* Task directions
Among the lines below, a stretch begins at the one with "Apple iPhone 14" and ends at the one with "Ranvi 4pack Vernis". Repeat that stretch exactly, ends included.

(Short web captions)
◆ ◆ ◆ ◆ ◆ ◆ ◆

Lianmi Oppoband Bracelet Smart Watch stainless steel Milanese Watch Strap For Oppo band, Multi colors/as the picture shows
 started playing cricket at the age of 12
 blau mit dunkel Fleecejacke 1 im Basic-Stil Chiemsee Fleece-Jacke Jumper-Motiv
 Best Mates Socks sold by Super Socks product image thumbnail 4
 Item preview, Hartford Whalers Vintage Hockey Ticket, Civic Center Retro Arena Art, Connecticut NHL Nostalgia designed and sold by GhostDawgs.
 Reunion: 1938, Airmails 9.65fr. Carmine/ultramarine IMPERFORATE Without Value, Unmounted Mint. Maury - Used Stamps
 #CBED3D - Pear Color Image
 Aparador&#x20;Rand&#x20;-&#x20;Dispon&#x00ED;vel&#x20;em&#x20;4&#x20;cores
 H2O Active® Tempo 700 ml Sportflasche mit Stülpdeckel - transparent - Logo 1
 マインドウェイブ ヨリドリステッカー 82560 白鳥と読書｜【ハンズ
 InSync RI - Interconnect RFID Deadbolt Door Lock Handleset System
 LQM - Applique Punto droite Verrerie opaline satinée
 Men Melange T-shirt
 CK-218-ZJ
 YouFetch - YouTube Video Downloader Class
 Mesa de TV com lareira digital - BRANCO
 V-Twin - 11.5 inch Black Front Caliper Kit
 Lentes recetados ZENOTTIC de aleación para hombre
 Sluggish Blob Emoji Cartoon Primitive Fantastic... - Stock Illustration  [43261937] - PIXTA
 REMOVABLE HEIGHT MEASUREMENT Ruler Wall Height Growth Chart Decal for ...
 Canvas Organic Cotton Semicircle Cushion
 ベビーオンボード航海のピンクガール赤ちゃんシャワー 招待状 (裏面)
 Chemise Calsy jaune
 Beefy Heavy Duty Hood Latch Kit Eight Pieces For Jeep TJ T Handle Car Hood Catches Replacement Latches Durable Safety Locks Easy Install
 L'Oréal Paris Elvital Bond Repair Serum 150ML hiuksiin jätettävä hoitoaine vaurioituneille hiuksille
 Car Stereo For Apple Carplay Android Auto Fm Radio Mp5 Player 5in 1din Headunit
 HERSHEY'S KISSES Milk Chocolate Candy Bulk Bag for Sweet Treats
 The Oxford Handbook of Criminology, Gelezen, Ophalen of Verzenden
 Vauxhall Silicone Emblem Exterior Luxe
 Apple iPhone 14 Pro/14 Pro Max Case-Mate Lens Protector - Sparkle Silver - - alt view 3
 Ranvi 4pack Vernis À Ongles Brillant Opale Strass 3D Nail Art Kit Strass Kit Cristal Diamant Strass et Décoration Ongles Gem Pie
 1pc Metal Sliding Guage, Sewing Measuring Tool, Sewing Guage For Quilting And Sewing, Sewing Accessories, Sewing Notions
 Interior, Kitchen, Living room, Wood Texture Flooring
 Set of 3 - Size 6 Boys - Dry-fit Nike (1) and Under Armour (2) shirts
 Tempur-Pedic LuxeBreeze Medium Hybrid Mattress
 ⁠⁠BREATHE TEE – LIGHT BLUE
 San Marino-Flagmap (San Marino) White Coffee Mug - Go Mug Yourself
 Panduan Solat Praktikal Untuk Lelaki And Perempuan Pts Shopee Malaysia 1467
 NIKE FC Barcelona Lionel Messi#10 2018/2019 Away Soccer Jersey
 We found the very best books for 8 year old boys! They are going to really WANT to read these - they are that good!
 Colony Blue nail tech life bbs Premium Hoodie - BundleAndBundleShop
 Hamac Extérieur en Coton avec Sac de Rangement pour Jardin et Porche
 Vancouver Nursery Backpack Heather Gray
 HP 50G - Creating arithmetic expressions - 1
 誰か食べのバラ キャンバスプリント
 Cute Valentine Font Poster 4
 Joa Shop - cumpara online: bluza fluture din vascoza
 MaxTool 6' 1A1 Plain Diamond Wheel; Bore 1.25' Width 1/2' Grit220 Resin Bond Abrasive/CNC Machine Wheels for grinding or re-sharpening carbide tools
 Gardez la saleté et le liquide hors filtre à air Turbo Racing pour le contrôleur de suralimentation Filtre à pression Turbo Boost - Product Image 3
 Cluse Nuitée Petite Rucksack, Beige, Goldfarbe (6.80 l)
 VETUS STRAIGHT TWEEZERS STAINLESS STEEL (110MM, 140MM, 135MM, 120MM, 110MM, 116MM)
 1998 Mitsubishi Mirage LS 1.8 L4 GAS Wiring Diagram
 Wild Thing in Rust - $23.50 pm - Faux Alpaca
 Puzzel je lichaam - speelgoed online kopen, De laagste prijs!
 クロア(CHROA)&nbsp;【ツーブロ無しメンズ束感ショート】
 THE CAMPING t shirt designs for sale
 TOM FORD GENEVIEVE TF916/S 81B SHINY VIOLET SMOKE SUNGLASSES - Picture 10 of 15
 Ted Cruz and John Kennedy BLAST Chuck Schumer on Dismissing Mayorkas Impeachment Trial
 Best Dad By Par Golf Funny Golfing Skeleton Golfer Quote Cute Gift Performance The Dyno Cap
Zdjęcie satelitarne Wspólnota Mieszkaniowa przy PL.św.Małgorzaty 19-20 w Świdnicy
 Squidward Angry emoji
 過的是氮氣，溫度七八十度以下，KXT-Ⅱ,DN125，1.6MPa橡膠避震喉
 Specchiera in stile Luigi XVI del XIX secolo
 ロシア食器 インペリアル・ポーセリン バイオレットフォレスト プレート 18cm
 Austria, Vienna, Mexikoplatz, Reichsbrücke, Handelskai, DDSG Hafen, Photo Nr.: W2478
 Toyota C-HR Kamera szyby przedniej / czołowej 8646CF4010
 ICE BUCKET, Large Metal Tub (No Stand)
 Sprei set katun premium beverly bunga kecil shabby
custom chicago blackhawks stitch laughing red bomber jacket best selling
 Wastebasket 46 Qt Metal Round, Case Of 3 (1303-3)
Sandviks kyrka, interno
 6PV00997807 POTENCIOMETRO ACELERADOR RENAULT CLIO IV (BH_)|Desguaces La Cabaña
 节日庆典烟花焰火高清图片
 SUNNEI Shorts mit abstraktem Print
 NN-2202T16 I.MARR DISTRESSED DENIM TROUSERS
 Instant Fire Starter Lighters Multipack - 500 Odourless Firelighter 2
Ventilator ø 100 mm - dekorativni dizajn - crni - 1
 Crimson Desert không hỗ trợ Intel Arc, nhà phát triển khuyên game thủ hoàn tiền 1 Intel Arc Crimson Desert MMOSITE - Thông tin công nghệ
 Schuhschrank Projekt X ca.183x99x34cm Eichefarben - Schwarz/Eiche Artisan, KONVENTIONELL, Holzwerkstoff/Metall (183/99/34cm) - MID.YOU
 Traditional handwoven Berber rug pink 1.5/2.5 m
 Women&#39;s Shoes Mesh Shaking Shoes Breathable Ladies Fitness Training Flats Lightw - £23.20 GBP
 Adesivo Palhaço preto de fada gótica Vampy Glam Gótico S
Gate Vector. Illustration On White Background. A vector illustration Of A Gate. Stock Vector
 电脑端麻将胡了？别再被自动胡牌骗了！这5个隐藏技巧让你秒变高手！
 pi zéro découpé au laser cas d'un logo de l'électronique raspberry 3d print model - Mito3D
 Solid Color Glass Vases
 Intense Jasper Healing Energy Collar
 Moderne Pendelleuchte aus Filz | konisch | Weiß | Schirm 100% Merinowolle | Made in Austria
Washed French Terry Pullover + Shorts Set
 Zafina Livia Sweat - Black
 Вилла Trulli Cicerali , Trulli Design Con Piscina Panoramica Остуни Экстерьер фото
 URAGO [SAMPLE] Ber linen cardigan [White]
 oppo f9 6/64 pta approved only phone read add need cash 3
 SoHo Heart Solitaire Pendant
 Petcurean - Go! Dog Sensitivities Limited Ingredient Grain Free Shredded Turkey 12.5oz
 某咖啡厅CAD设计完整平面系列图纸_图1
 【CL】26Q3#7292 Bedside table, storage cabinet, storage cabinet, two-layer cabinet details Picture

◆ ◆ ◆ ◆ ◆ ◆ ◆

* Exercise answer
 Apple iPhone 14 Pro/14 Pro Max Case-Mate Lens Protector - Sparkle Silver - - alt view 3
 Ranvi 4pack Vernis À Ongles Brillant Opale Strass 3D Nail Art Kit Strass Kit Cristal Diamant Strass et Décoration Ongles Gem Pie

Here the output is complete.